- Born: 26 March 1873 Menen, Belgium
- Died: 1 May 1953 (aged 80) Paris, France
- Known for: Sculpture
- Spouse: Pierre Mille ​(m. 1909)​
- Awards: Legion of Honour

= Yvonne Serruys =

French sculptor

Yvonne Serruys (26 March 1873 - 1 May 1953) was a Franco-Belgian artist. In 1920, she received the Légion d’honneur.

==Biography==
Born in Menen, West Flanders into a wealthy francophone family, Serruys studied painting and drawing with Emile Claus. From 1892 to 1894, she studied in Brussels in the workshop of painter Georges Lemmen, a member of Les XX. She then returned to study again with Claus.

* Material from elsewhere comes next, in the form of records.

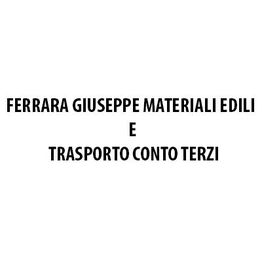 Ferrara Giuseppe Materiali Edili e Trasporto Conto Terzi logo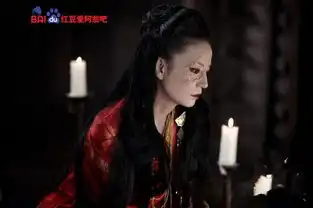 百位古装女子90度侧脸是绝美还是路人甲
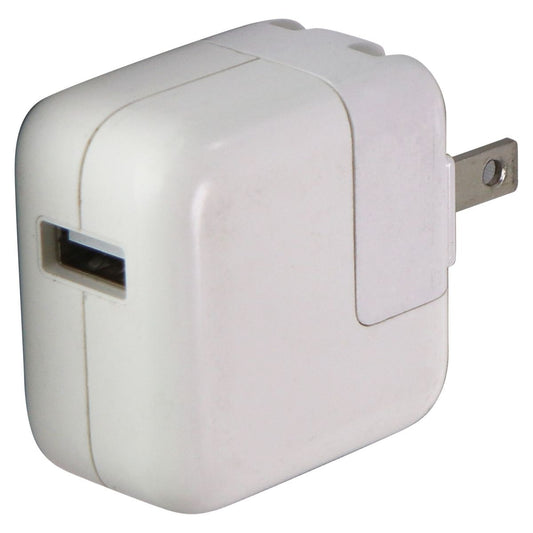 Apple 10W USB Wall Adapter / Travel Charger - White (MC359LL/A) A1357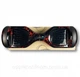 Гироборд Smart Balance 6.5" Черный с красными молниями - изображение 4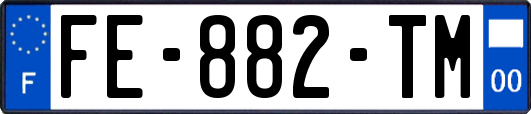 FE-882-TM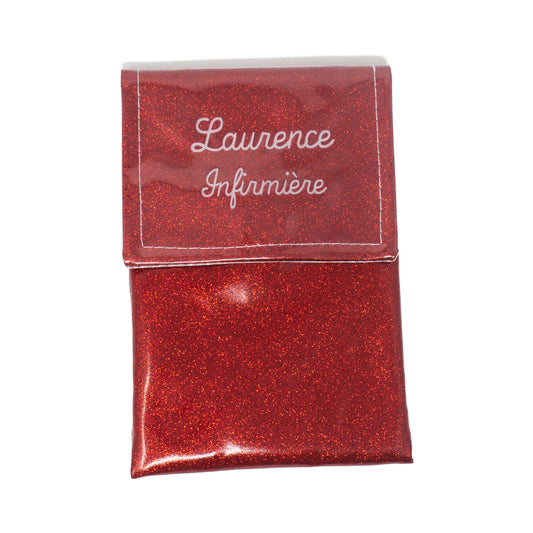 Laurence - Infirmière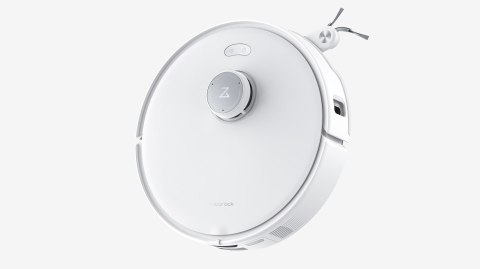 Odkurzacz Roborock Qrevo Curv z Multifunkcyjną Docking Station 3.0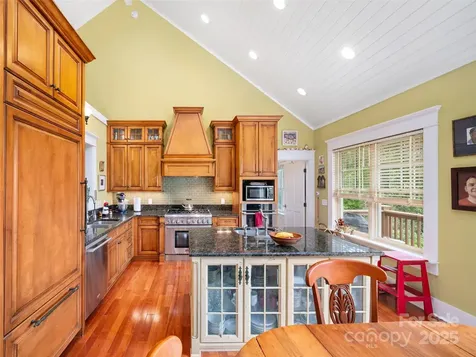 1992 Green Creek Road Bakersville NC 28705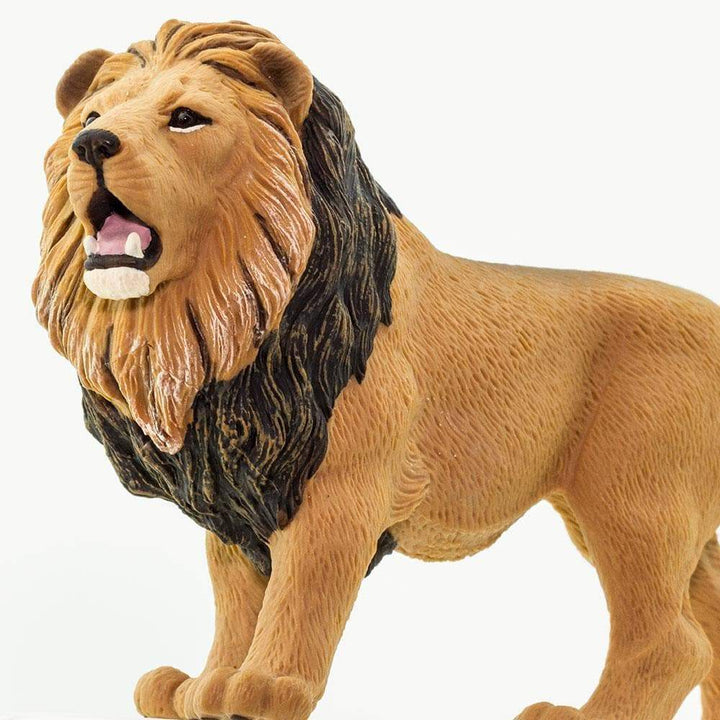 Figura Animales León Jumbo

After undertaking a tour of Italy and Greece, Serruys exhibited her paintings in Paris at the Salon in 1898. It was at this point that she decided to become a sculptor, a decision which led her back to Brussels where she began new studies with sculptor Égide Rombaux. In 1904, she returned to Paris where she established her own workshop. Her work included 250 sculptures and over 300 pieces in glass. She received a number of public commissions, including a monument to her teacher Emile Claus in Ghent, one for Paul Cambon in Tunis, and a war memorial in her home town. The majority of her work was romantic in style, largely portraiture and nudes, but including some religious pieces.

An active member of salon culture, she met her future husband Pierre Mille, writer, journalist, and diplomat, at one such gathering. They married in Menen in 1909, and for many years organised their own salons. Yvonne Serruys received public recognition for her work, receiving the Légion d'honneur in 1920, and being created an officer of the Order of Léopold in 1934.

Serruys died in Paris in 1953. Her will left many of her works to the town of Menen where they are now held by the local museum, the Stadsmuseum :nl:'t Schippershof.